**Instructions to follow:**
Below is a listing with pictures. Repeat exactly the lines starting at the one holding "ร้องเพราะมาก คลิปเต็มชมยาวๆ น้องต้นข้าวร้องเพลง" and going on through the one holding "第87话 那是谁啊&hellip;&hellip;-第87话", and leave every picture out.

(Data shown)

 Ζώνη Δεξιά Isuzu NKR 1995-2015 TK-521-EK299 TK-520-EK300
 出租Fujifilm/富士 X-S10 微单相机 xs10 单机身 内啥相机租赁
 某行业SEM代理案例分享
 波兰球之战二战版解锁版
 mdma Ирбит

(End Data shown)
(Data shown)

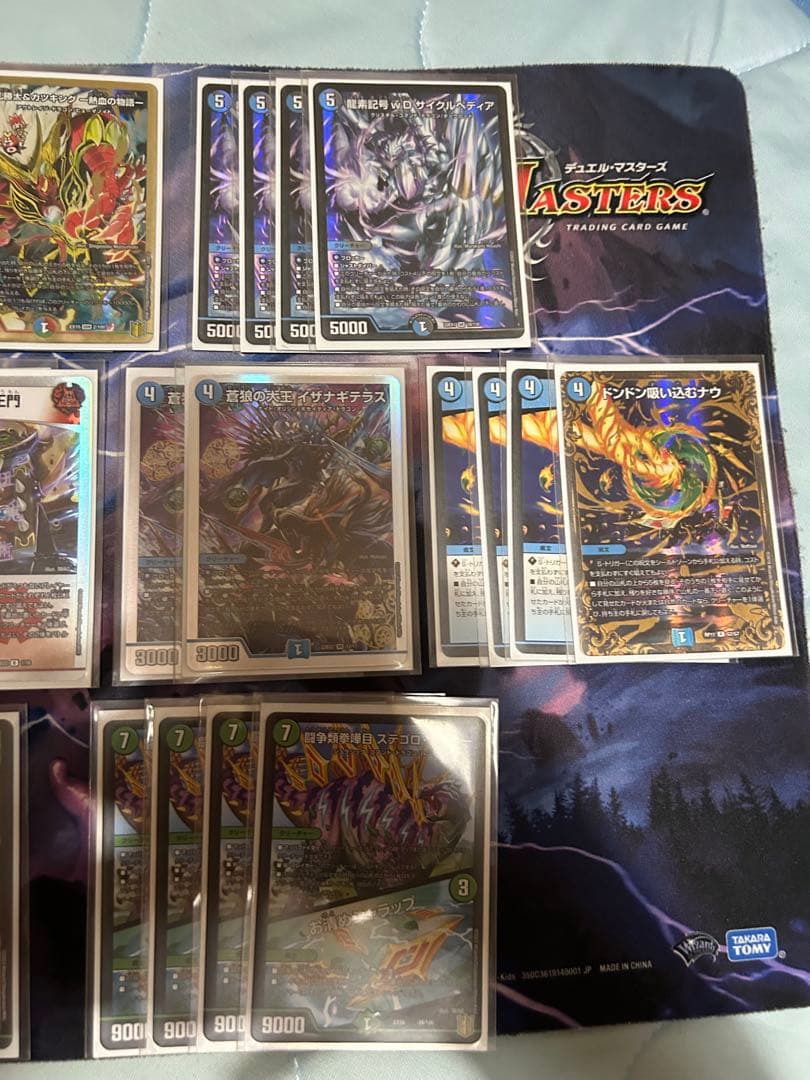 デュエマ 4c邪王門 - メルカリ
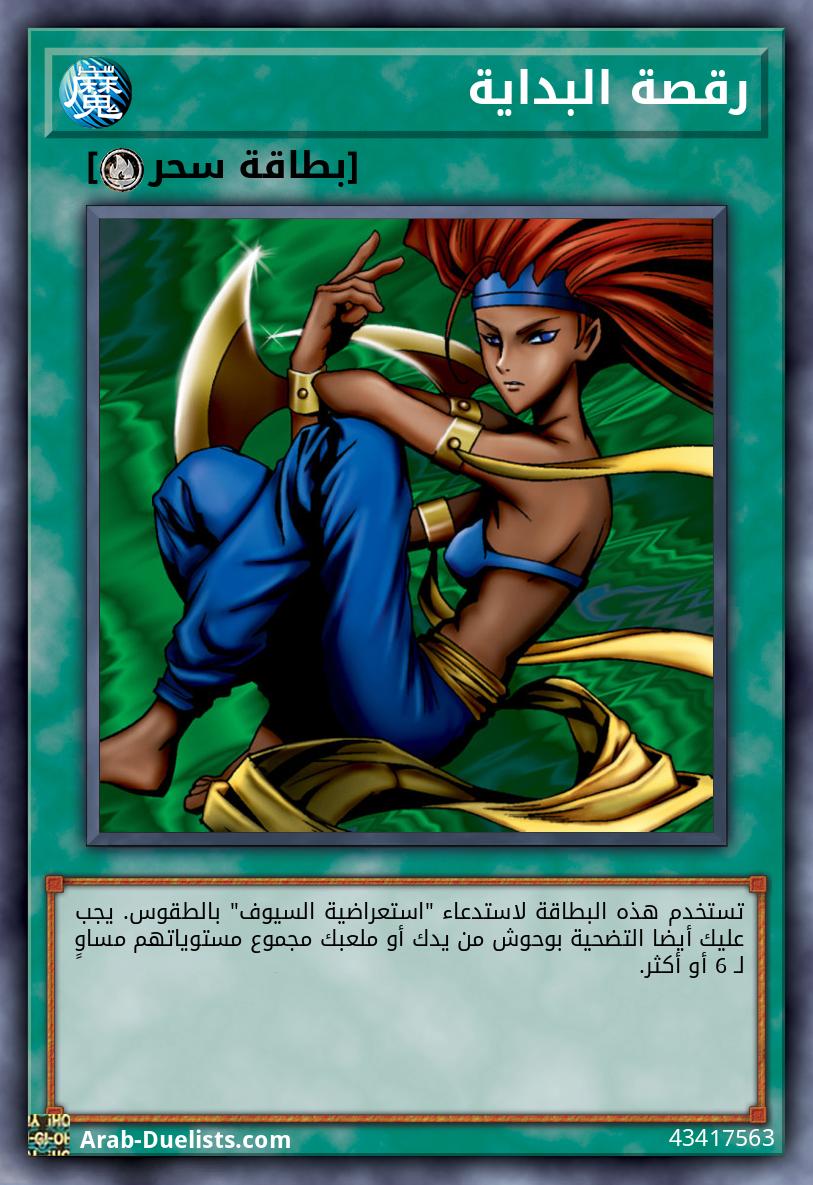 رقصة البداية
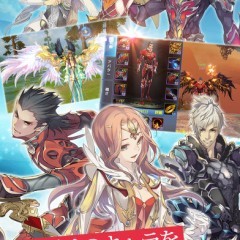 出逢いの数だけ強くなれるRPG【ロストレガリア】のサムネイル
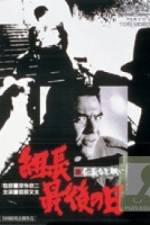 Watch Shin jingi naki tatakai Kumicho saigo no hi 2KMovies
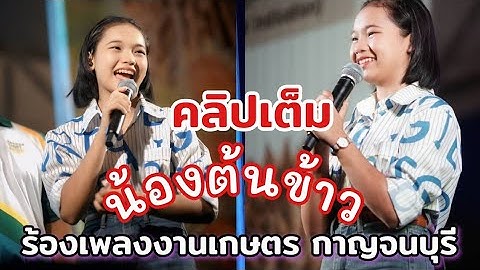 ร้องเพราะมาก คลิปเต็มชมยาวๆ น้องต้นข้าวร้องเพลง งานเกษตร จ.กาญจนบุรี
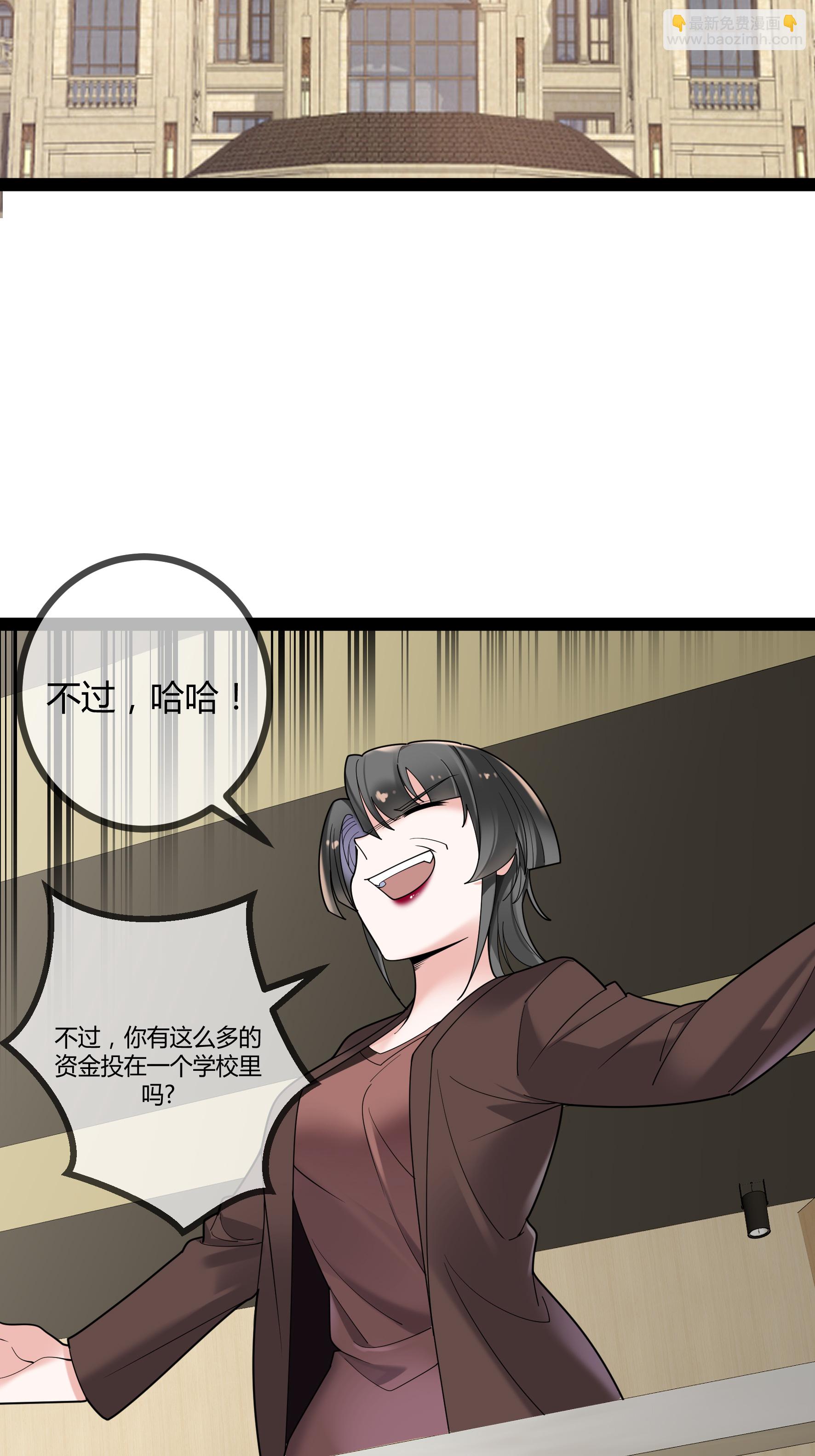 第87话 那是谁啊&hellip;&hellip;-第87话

(End Data shown)

**Response box:**
 ร้องเพราะมาก คลิปเต็มชมยาวๆ น้องต้นข้าวร้องเพลง งานเกษตร จ.กาญจนบุรี
 第87话 那是谁啊&hellip;&hellip;-第87话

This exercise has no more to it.